Shopping vintage has always fulfilled Priya’s glamour needs in a harmless way.
What make Sharmin feel powerful: Dress from Nigerian designer Busayo NYC and Rings from Backwoods & Woven Treasures
photo credit: Sharmin
Sharmin Hossain (@sharminultra) is a Bangladeshi queer Muslim artist and organizer, from Queens, New York. When she's not shopping all over the world, she's the Political Director of Equality Labs. You can shop her closet on Instagram @shopsharmin and follow her @sharminultra on Instagram & Twitter.

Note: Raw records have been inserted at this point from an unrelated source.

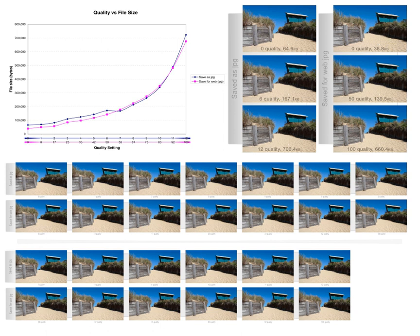Lossy compression methods, especially when used at low bit rates, introduce compression artifacts. Lossy methods are especially suitable for natural images such as photographs in applications where minor, sometimes imperceptible, loss of fidelity is acceptable to achieve a substantial reduction in bit rate.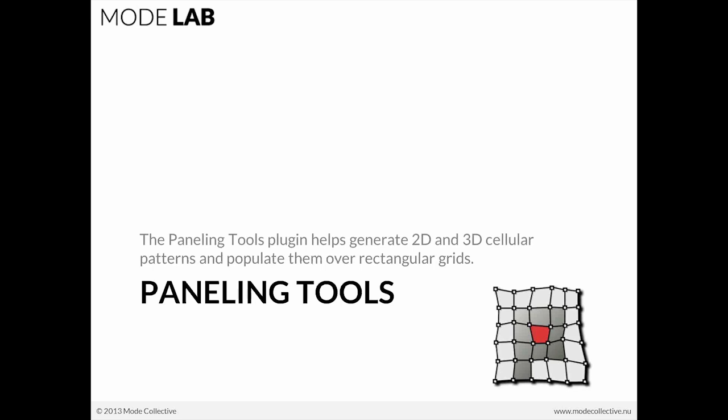Paneling tools is a plug-in that helps generate 2D and 3D cellular patterns and populate them over rectangular grids. Here at the bottom right you can see the icon for paneling tools where you get this kind of net of points, a grid of points, and a connected matrix of lines that are running through there, which is referred to as a panel.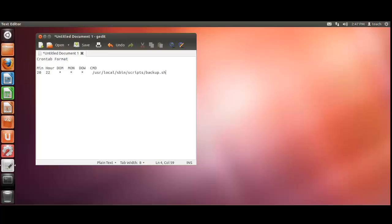And that will continue to run until you either remove that line from your crontab page or you actually remove the script. I wouldn't recommend just removing the script because you're making crontab or a process run unnecessarily by keeping that line in there. So how do we get this to work then? Let's have a look, shall we? It's quite simple.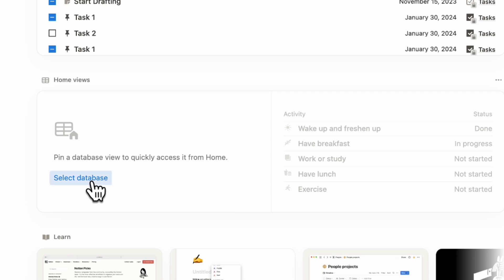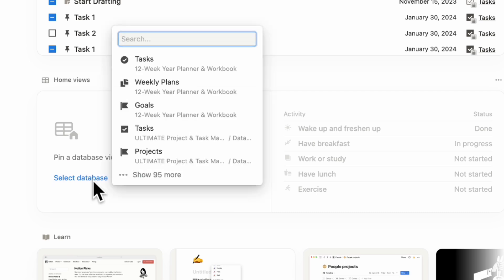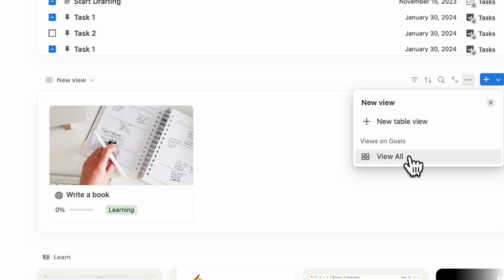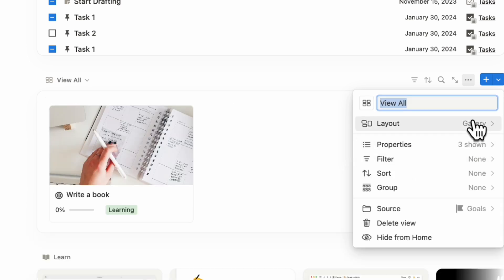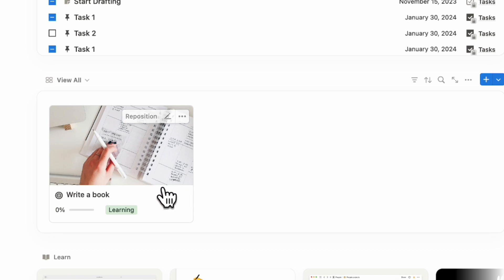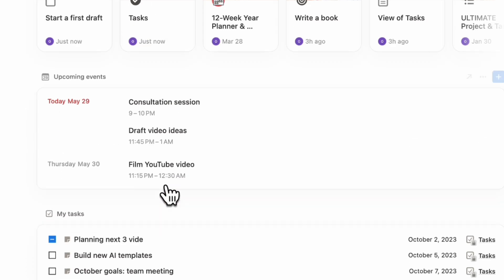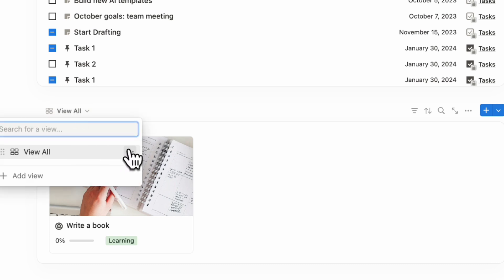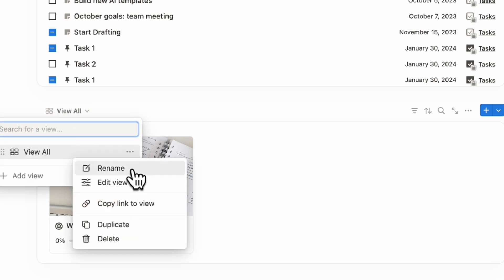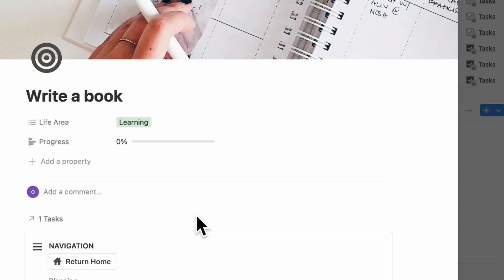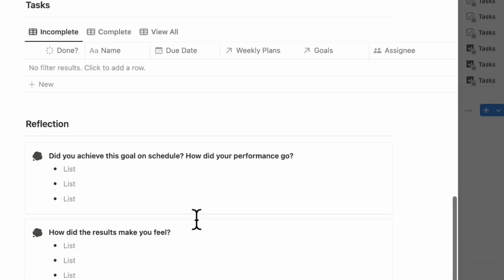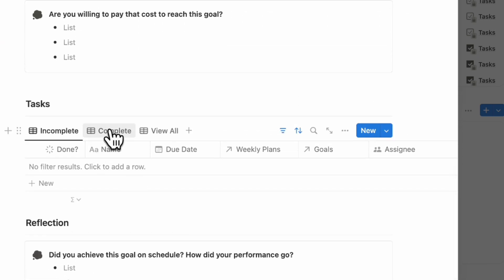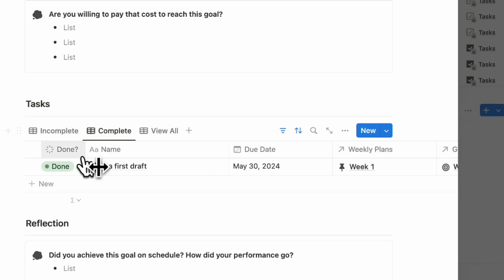You can go ahead and select database. Let's say that we want our goals to show up here and we can put it in a view all so that we're basically seeing our 12-week year planner goal all the way in our home page. This is such a nice way to really keep track of important databases. We can even rename it into 12-week goals so that you can clearly see your progress here. You can open it up directly from your home and now you can also see your tasks like this.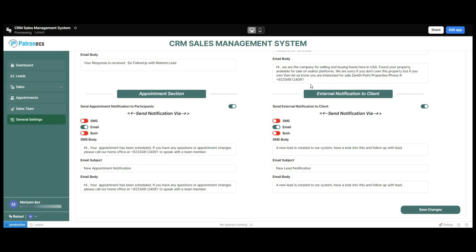And that wraps up our demo of the CRM sales management system built in Retool. At Petronix, we understand that every business has unique requirements, which is why we offer customization services to tailor this CRM system specifically for your projects — whether you need additional features, integrations, or specific workflows. If you're interested, reach out to us through the contact details in the description below. Don't forget to like, subscribe, and hit the bell icon for more tech demos. Thanks for watching and see you in the next video.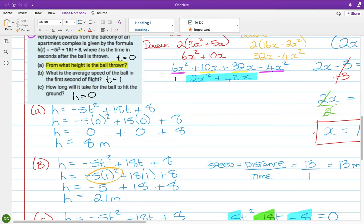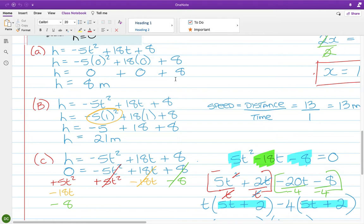Parts A and C are very typical questions, very similar to the example. The average speed question in part B is a bit unusual — at Leaving Cert level we use a completely different method for that. I wouldn't be massively worried about part B, but A and C are quite standard.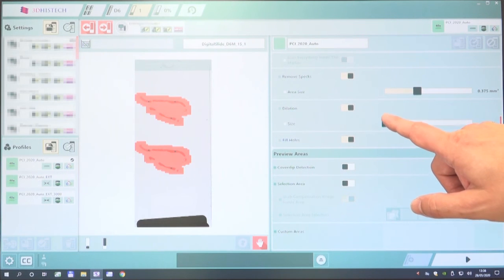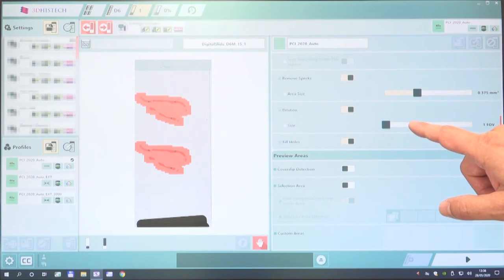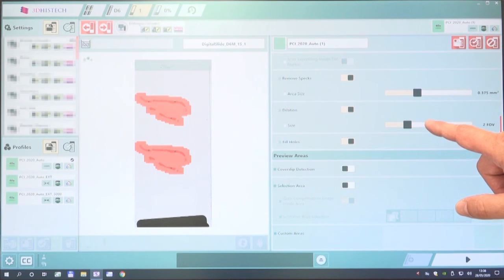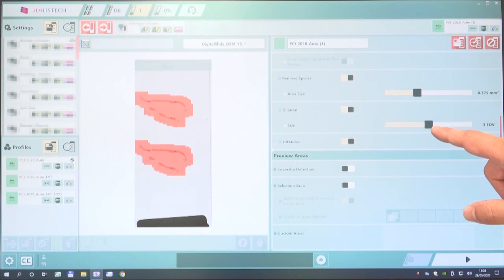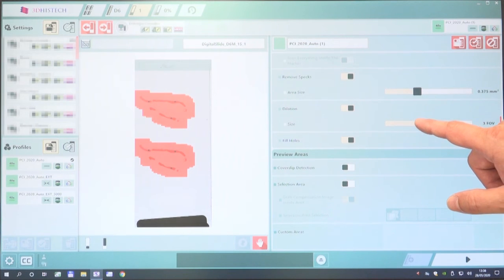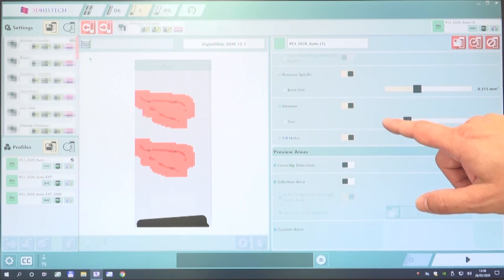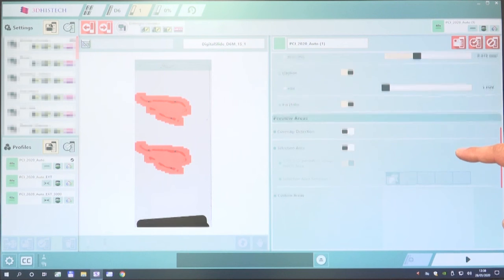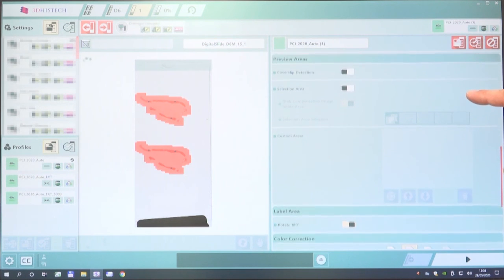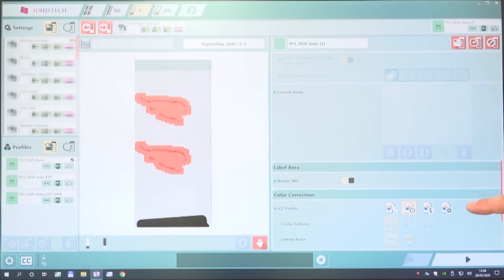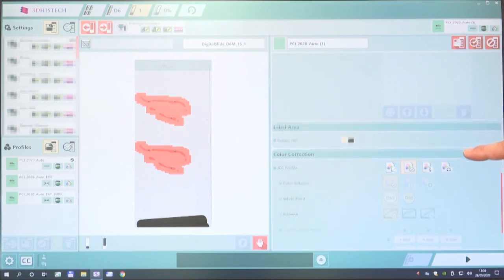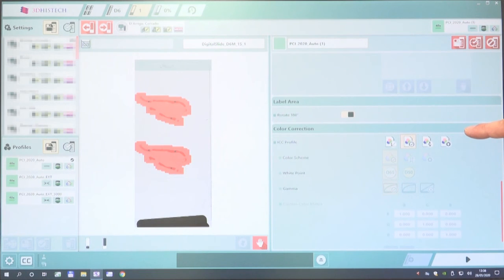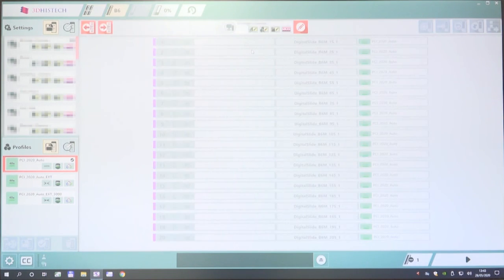If not, you can modify these settings and apply them as temporary profiles, or actually modify the original profile if you want to. But normally we just modify these as temporary changes, applying it to that one slide. So we can change color correction and other options as well.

Sharmin spotted this fabric at First Fridays at the Brooklyn Museum, and instantly fell in love. She learned that the design of the dress’ fabric is called adire: a hand-dying technique locally sourced from Nigeria, that reminds her of ikat fabric from Indonesia and India. The dress is custom made by Busayo Olupona (@busayonyc), a brilliant textile designer. The above image is from Sharmin’s travels in Tulum, where the fabric was the perfect compliment to the sunshine and breezy nights.
photo credit: Sharmin
“These rings are the most sacred part of my closet,” Sharmin says.
Two of them were sourced from a Turkish shopkeeper who owns Backwoods, a popular hole in the wall for unique jewelry in New York. The third ring, the hand of Fatima, came from Parvez, an Iranian shopkeeper who owns Woven Treasures (@woventreasuresphilly) in Philadelphia. These rings may be Nepali, Burmese, or Tibetan, and are made from coral, turquoise, and amber.
What makes Meghana feel powerful: Matte Lipsticks from TanaÏs Beauty x Perfumes (formerly known as Hi Wildflower)
photo credit: Meghana
Meghana (@meghanahh) is a South Indian femme, community organizer and researcher. She organizes with collectives working to end violence and systemic oppression against and within South Asian communities, including internal hierarchies like caste supremacy and ethno-nationalism.
For Meghana, supporting BIPOC owned businesses, especially those with radical politics, feels like an extension of her values of community building and care.
Meghana receives care in the form of thoughtful, ethical products that she is able to enjoy. And she offers care through her support and uplifting of these products.
Transitioning to being more mindful of where she directs her funds has given her a meaningful opportunity to further apply her commitment to social justice while also enjoying really great products and getting to know new businesses!
Meghana first learned about Hi Wildflower, now TanaÏs (@studiotanais), when a South Asian mentor gifted her their “Gulabi Gang” lipstick as a graduation present. Not only is TanaÏs BIPOC-owned by a Bangladeshi-American writer and community organizer, but they also center their leftist politic in everything from product design to marketing and beyond. TanaÏs Beauty x Perfumes is launching in March 2021.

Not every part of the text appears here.